▶ [THE DATA]
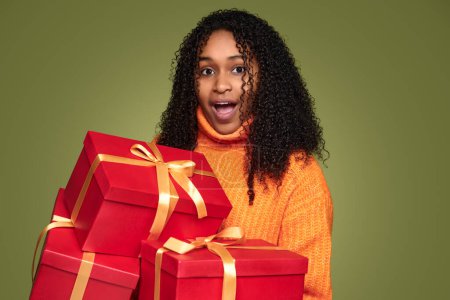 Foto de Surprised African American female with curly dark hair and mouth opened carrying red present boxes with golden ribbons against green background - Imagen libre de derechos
...
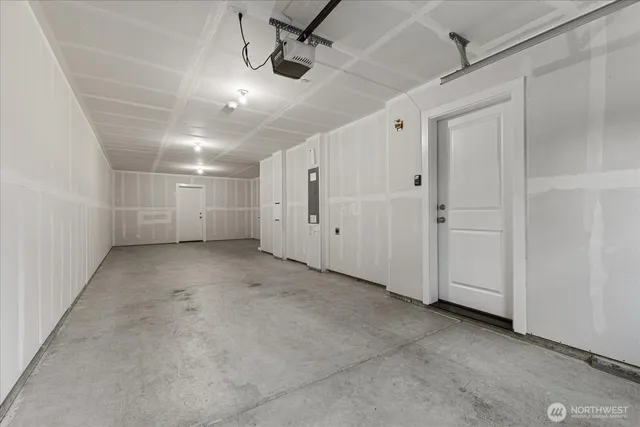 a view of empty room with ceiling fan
* * *
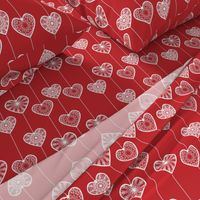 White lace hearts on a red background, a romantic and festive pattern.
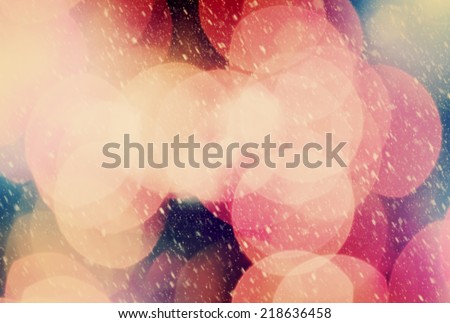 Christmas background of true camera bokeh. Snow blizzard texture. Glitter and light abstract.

▶ [PROBLEM DESCRIPTION] Beginning at the line above that contains "White lace hearts" and going on through the line that contains "Christmas background of", please copy every line exactly, leaving the pictures out and adding nothing.

▶ [REPLY]
 White lace hearts on a red background, a romantic and festive pattern.
 Christmas background of true camera bokeh. Snow blizzard texture. Glitter and light abstract.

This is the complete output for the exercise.